Optimizing drive-cycle waste-heat recovery systems using the Functional Mock-up Interface
Ricardo Software worked in collaboration with Volkswagen AG Research (VWAG) to develop new methods for design and optimization of waste-heat recovery systems in future vehicles.
For vehicle manufacturers, there is an opportunity to optimize waste-heat recovery systems for the benefit of recovering exhaust gas and converting it into usable mechanical and electrical energy. This application represents an emerging automotive technology for improving fuel efficiency and reducing CO2 emissions. Successful simulation of waste heat recovery systems requires modelling and capturing the complex interactions between multiple vehicle sub-systems, and as a result often requires the use of multiple CAE software tools. This approach can be cumbersome, costly, inefficient, and error prone. Recognizing the challenge, Volkswagen utilized Ricardo Software’s model based design CAE software IGNITE to develop new methods for the optimization of waste heat recovery systems in future vehicles.
In order to achieve the level of fidelity and sub-system dynamics required for accurate waste heat recovery system optimization, the functional mock-up interface was used to combine three domain-specific models in IGNITE resulting in a single integrated model.
First, IGNITE was used to construct a full system-level vehicle model needed to confirm boundary conditions and overall vehicle performance.
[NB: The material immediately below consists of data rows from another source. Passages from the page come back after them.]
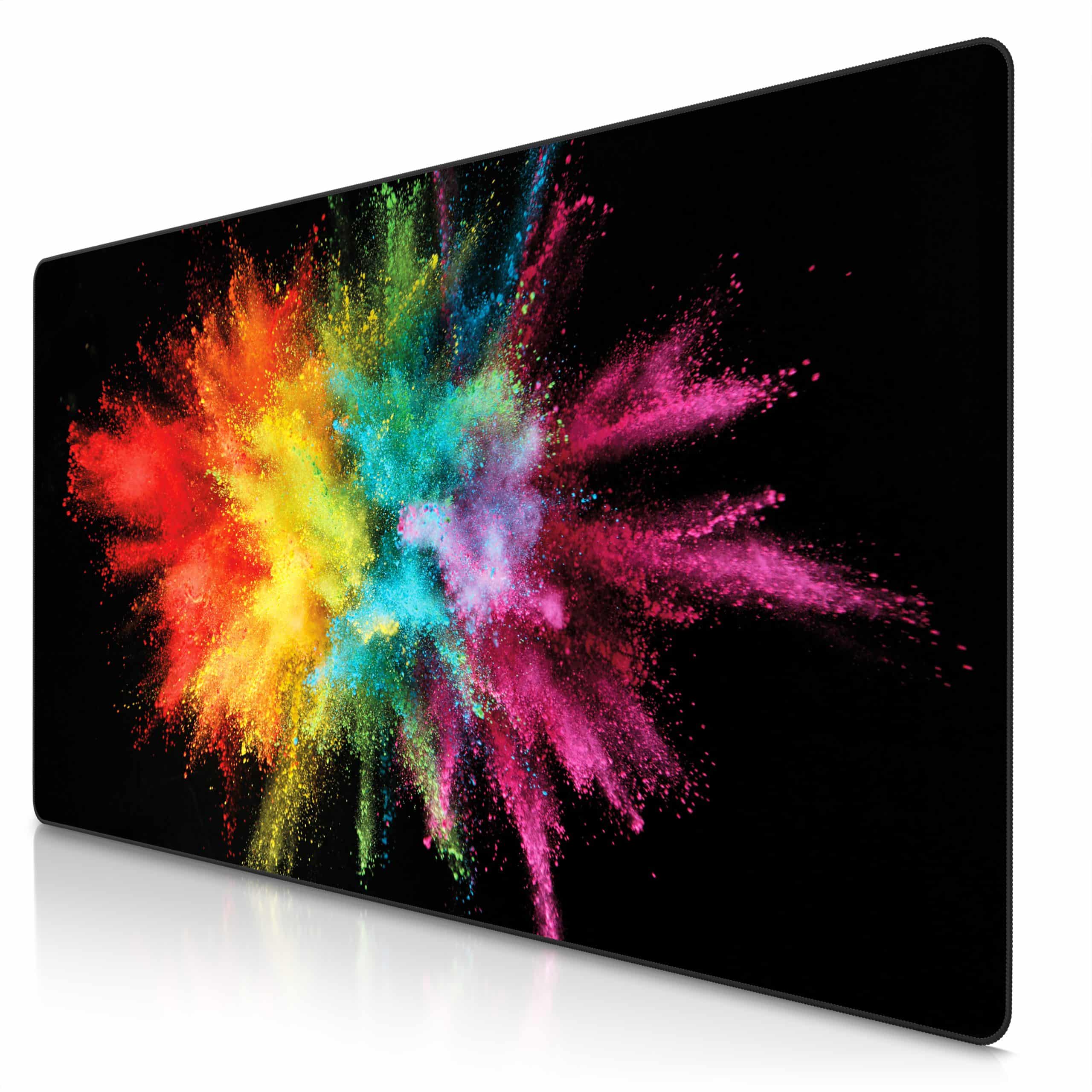 Titanwolf Gaming Mauspad XXXL Speed Gaming Mousepad 1200x600 mm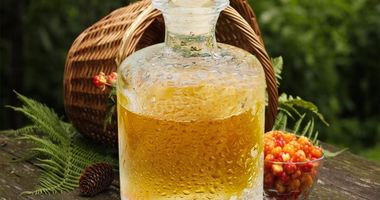 Рецепт Настойки из морошки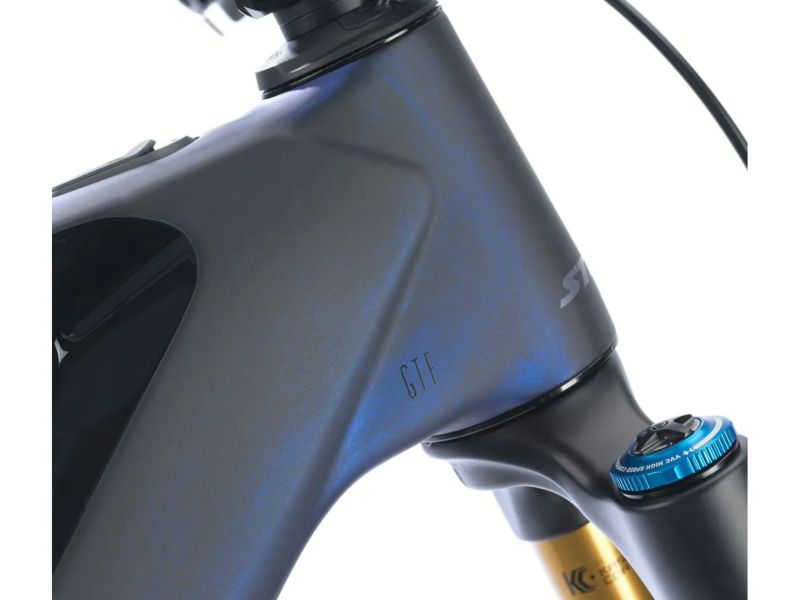 🔥🔥 SLEVA 106.000 -42% 🔥🔥 STEVENS E-Inception AM 9.7.1 GTF Blue Black - 20 / BOSCH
This initial concept level model included a map-based engine model, physics-based plant models of the transmission and driveline, and a longitudinal dynamics capable vehicle. It also included drive-cycle specific vehicle controllers for driver behavior, transmission, shift and engine strategies.
Using the industry standard Functional Mock-up Interface (FMI), engineers rapidly added new and more comprehensive sub-system models including a transient 1D gas dynamics engine; exported from Ricardo Software’s WAVE-RT toolset using the FMI standard.
With a transient engine integrated directly within the vehicle model, the next step was to add a detailed waste heat recovery sub-system model. Using TLK-Thermo’s TIL-Suite library, Volkswagen built a physics-based model of an organic Rankine system, which included physical models for the pump, evaporator, and expander and condenser operation. Similar to WAVE-RT, the TLK model was imported, using FMI standards, directly into the IGNITE environment and combined with the engine and vehicle models.
By combining flexible modeling fidelity with the multi-domain integration capabilities of the Functional Mock-Up Interface, IGNITE provided Volkswagen engineers with a flexible and efficient approach to advanced systems simulation and optimization.